Further tying us to the experience of the two characters, among the films which the duo watch, claiming “never to have seen,” are Charlie Chaplin’s Modern Times, and Martin Scorcese’s Raging Bull – two massively influential films from which many other works that most viewers have probably seen took inspiration .
Galenus also ensures his characters live out a number of recognisable tropes, beyond the déjà vu plot-point. These include the extinguishing of a cigarette on a delicious-looking piece of pastry (you will recognise this from Inglorious Basterds and many other films), a delirious dance sequence (Joker and others used this as a signifier of a character enduring some kind of psychotic break) and the use of Bach’s Orchestral Suite No. 3 in D Major (to imply an approaching outbreak of violence, as in Se7en, Battle Royal and others).
Indeed, the dance sequence comes before his characters seem to be overcome by the encroaching awareness that they have lived out this scene many, many times – and a collapse into violent despair at the prospect of having to go through the same motions Again and Again.
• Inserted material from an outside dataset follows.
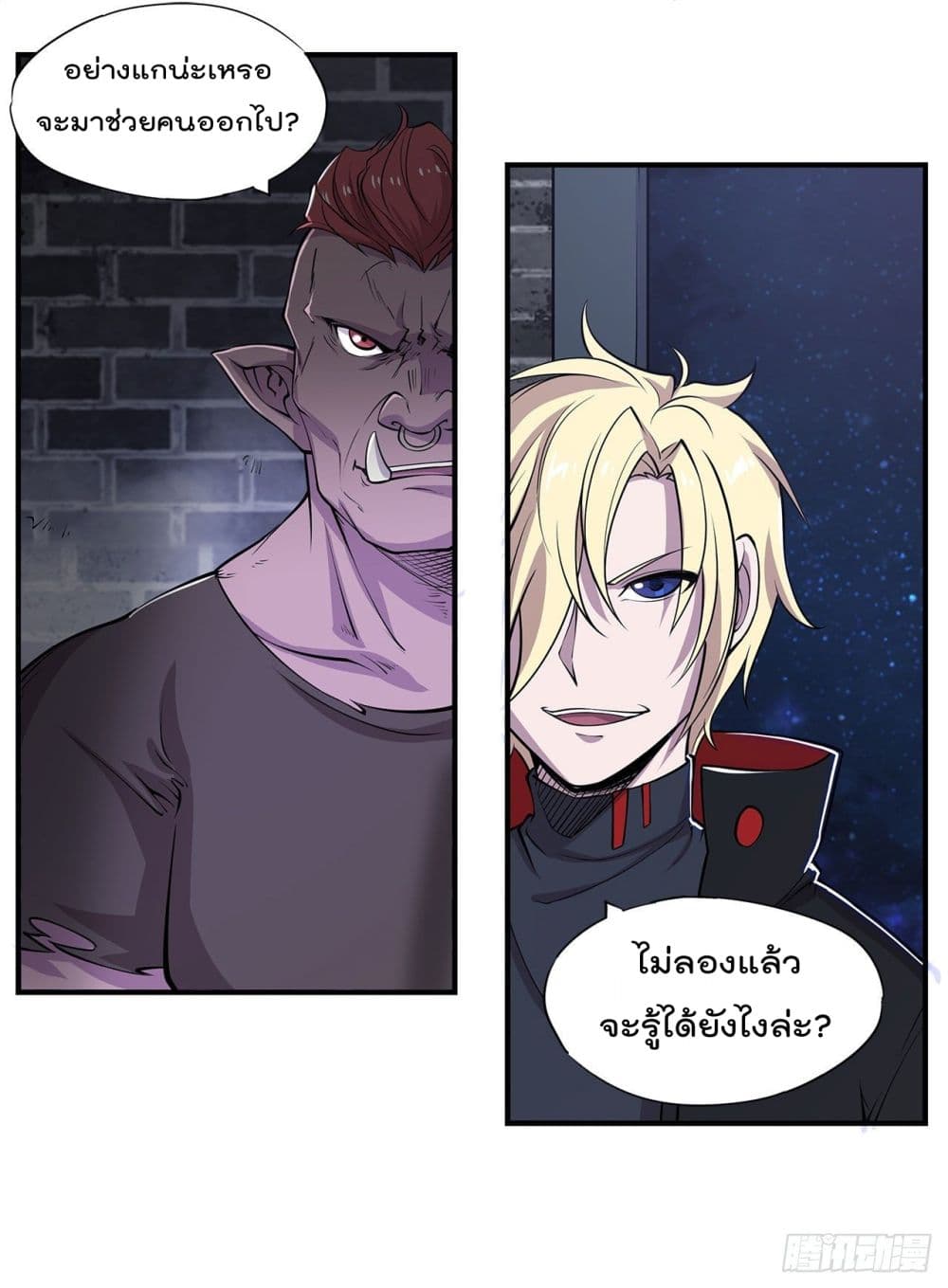 เธญเนเธฒเธ The Strongest Knight Become To Lolicon Vampire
And while we might have felt, as we do in Nukazooka’s disturbing Super Mario: Underworld, that this film depicts some invented creature still suffering separately from us, Galenus has highlighted how many ways we live the same lives as the protagonists of this film, Again and Again.
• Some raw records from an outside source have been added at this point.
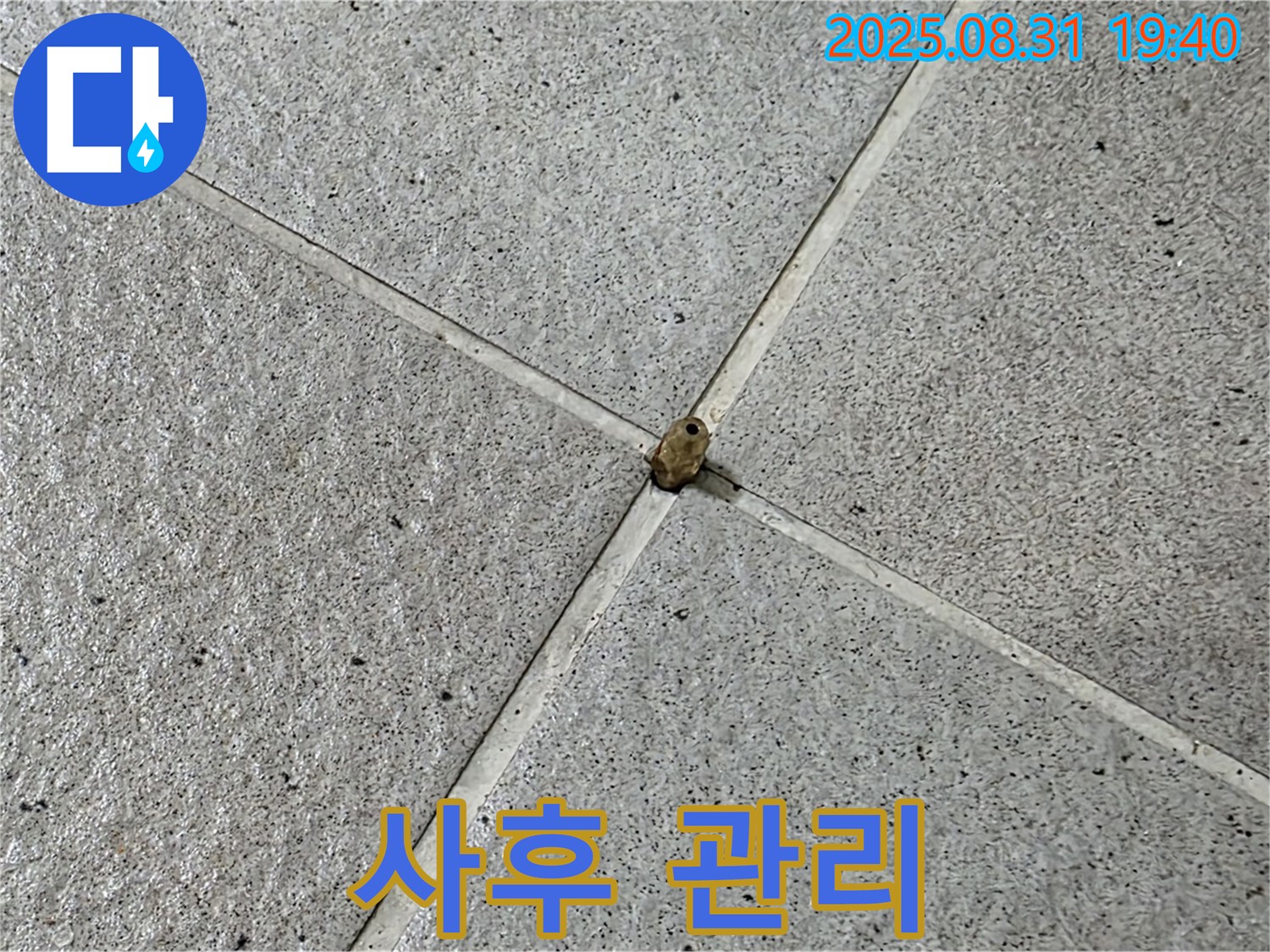 분당구 산운동 누수 - 꼼꼼한 사후 관리로 고객 만족을 높입니다.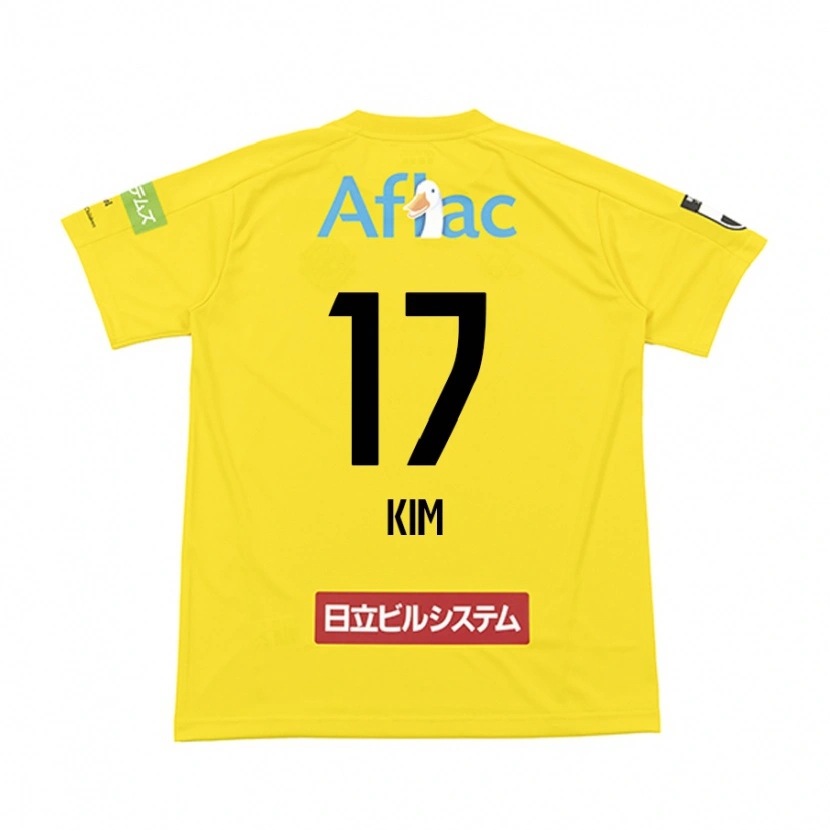 Danxen Bambino Maglia Seung-Gyu Kim #17 Nero Giallo Kit Gara Home 2025/26 Maglietta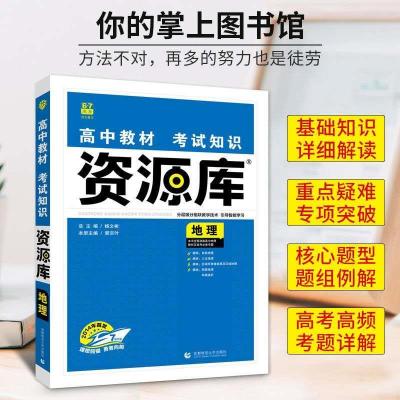 地理 2021高中资源库语文数学英语地理化学历史政治物理生物教辅资料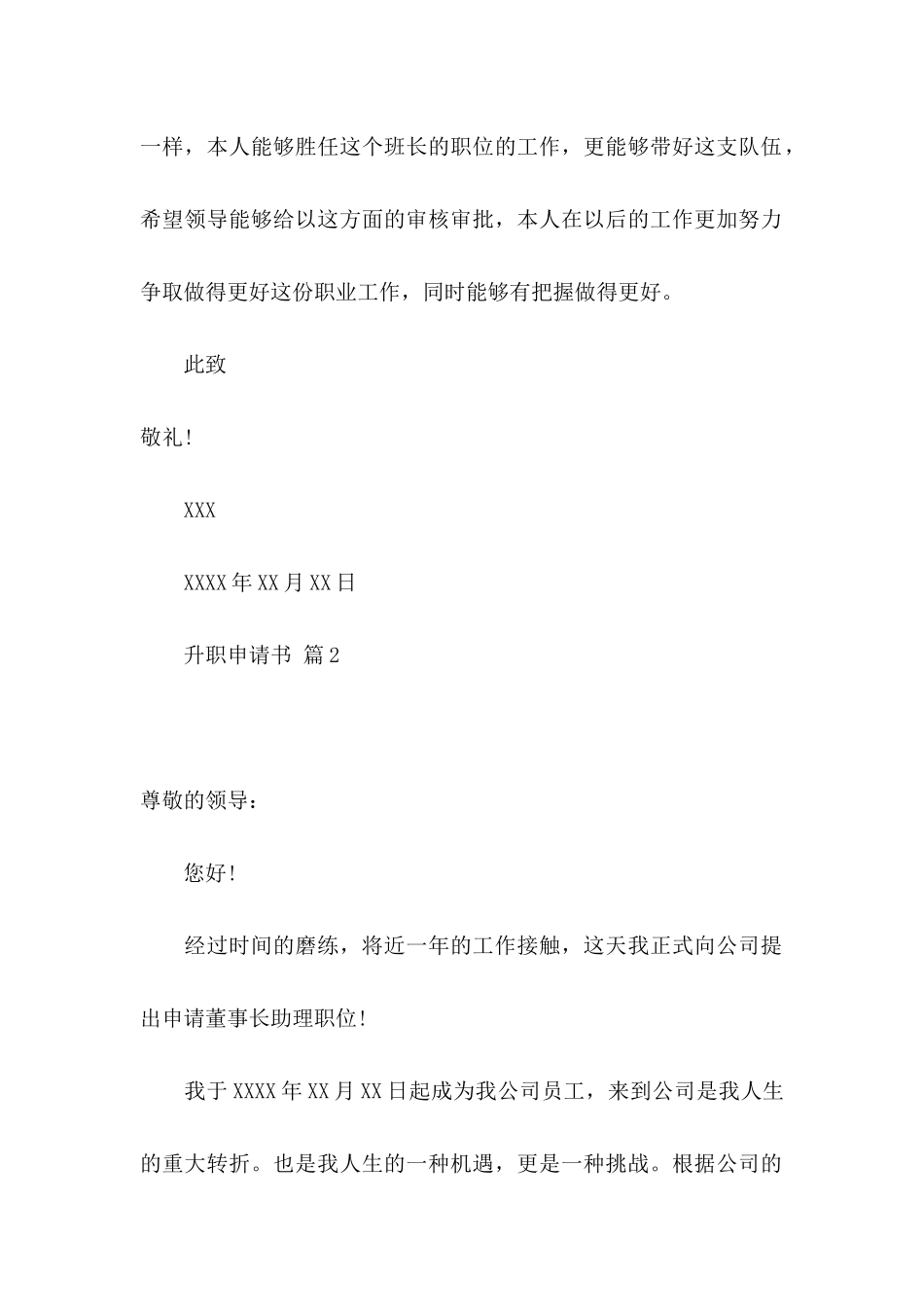 关于升职申请书汇总八篇_第2页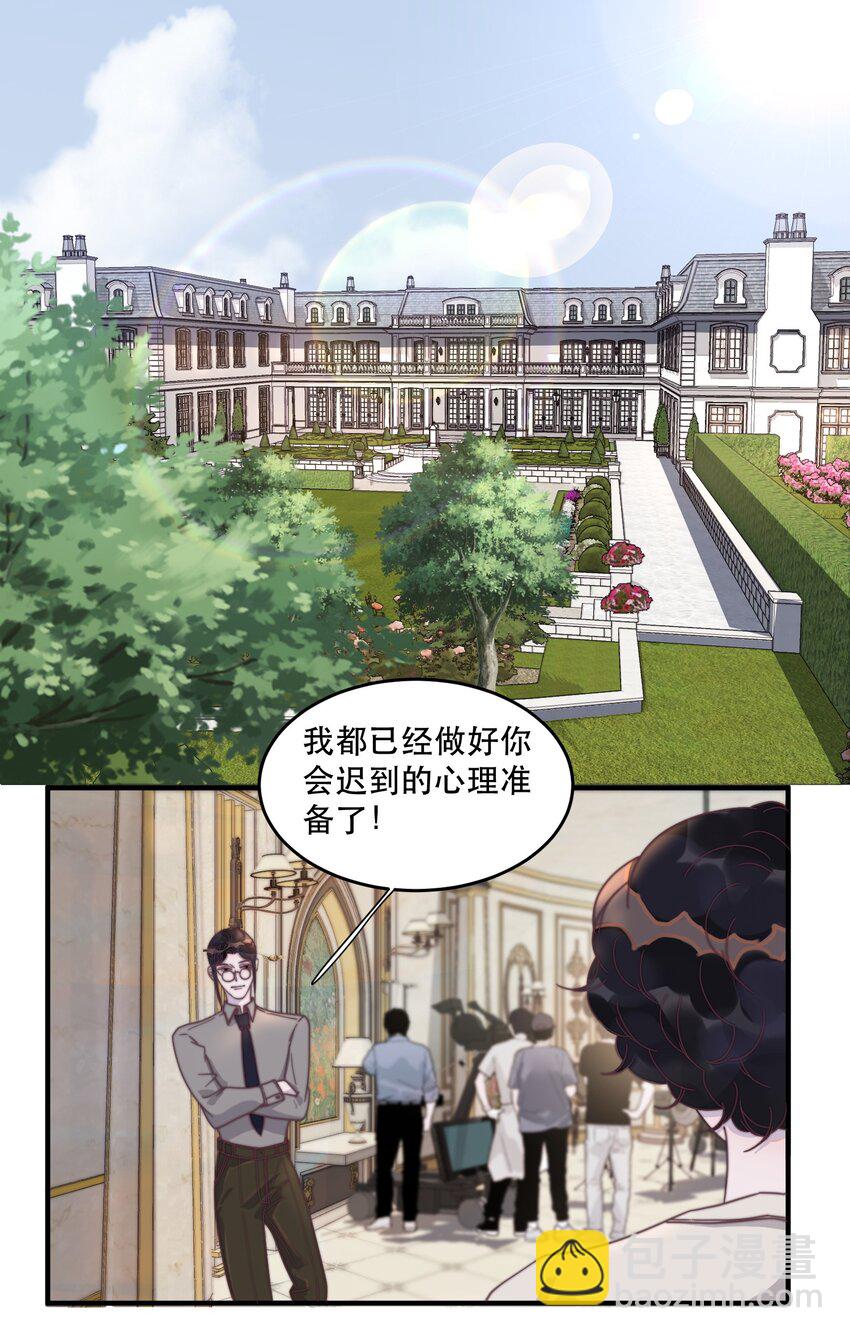 100 他把你看的很紧啊！-第101话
Each day, we go through the motions of appeasing the needs of our employers at jobs we hate, so that we might purchase the bare minimum in food, shelter and some manner of stimulus to numb the pain of going through it all again tomorrow. And as the stimulus of popular entertainment congeals into a mass of the same old ideas, we can’t help but notice more of the skull-crushing repetition in our daily existence, going through the same pains and frustrations every time our day rewinds to the same unflinching starting point.
On many levels, Galenus has constructed this nightmarish thought-experiment extremely well. With that being said, the format he delivers it in is not especially enjoyable as its own consumable product. Perhaps that was the point… but the repeated, jarring cuts between scenes – followed by the click of an editor clipping two shots together, and with written stage directions apparently lifted from a script the characters are living is a little on-the-nose (even if you can get beyond how aesthetically displeasing this process is). We could draw the same conclusions about the characters, and understand their frustrations, from a single, well-written conversation – and it would be far more engaging than piecing it together in irritating snippets.

In the end, the excruciating jump-cuts of Again and Again cost it a perfect score – if only because I can’t in good conscience give something five stars knowing it gave me a migraine. With that being said, the film did also set the cogs of my mind in motion long after that splitting headache had subsided. This is a thought-provoking, media-literate piece of film-philosophy, which warrants repeat viewing – as much as it might pain the characters and ourselves.